Description of the task:
Exact repetition of a range: find the line containing "Parcela st. 1225/18" and the line containing "Fringe Emily Crop Cardigan In Black" in the material below, then repeat both and all lines between them, leaving pictures out.

Source material:
---+---

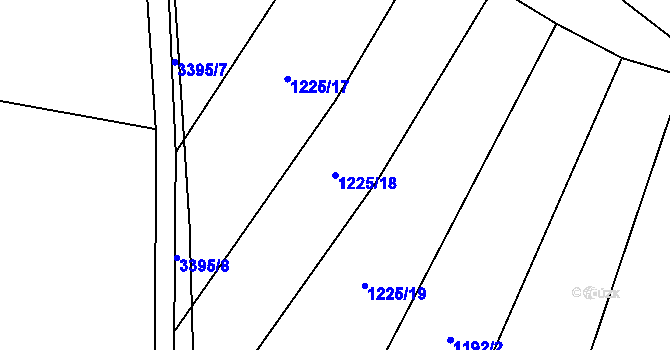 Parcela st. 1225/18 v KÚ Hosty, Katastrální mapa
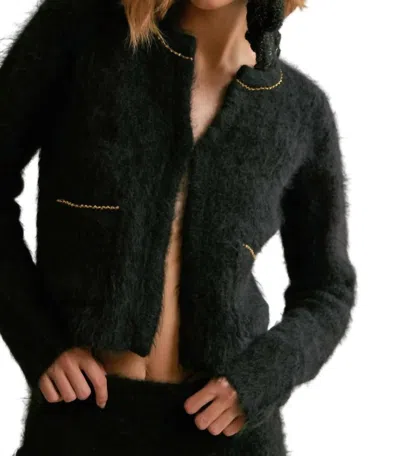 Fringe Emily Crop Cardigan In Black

---+---

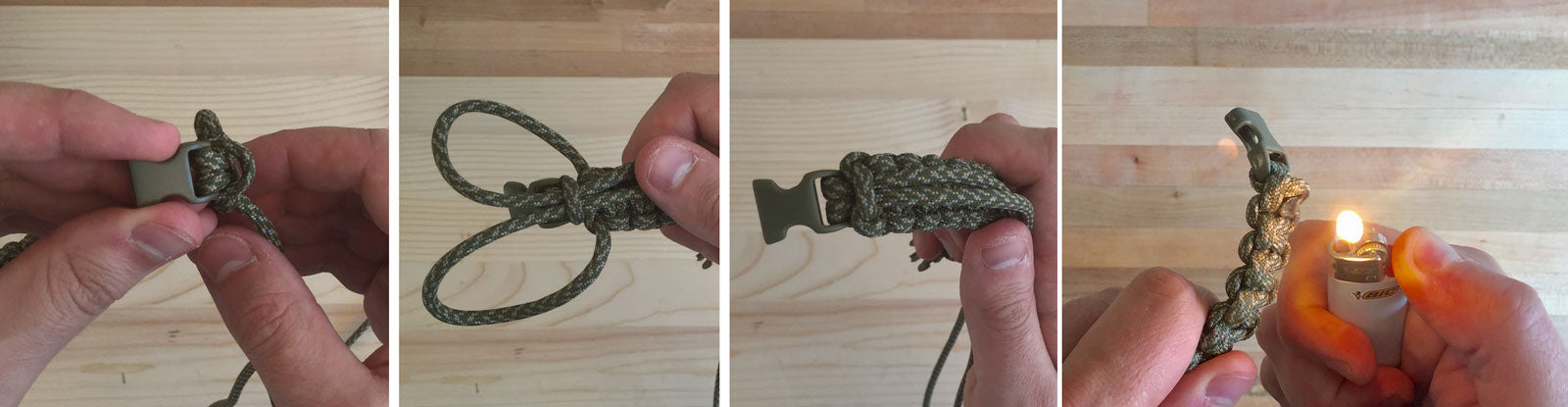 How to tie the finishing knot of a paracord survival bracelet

---+---

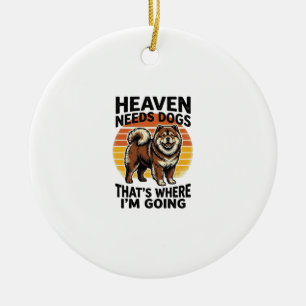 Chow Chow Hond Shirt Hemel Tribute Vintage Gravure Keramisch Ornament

---+---

Your response:
 Parcela st. 1225/18 v KÚ Hosty, Katastrální mapa
 Fringe Emily Crop Cardigan In Black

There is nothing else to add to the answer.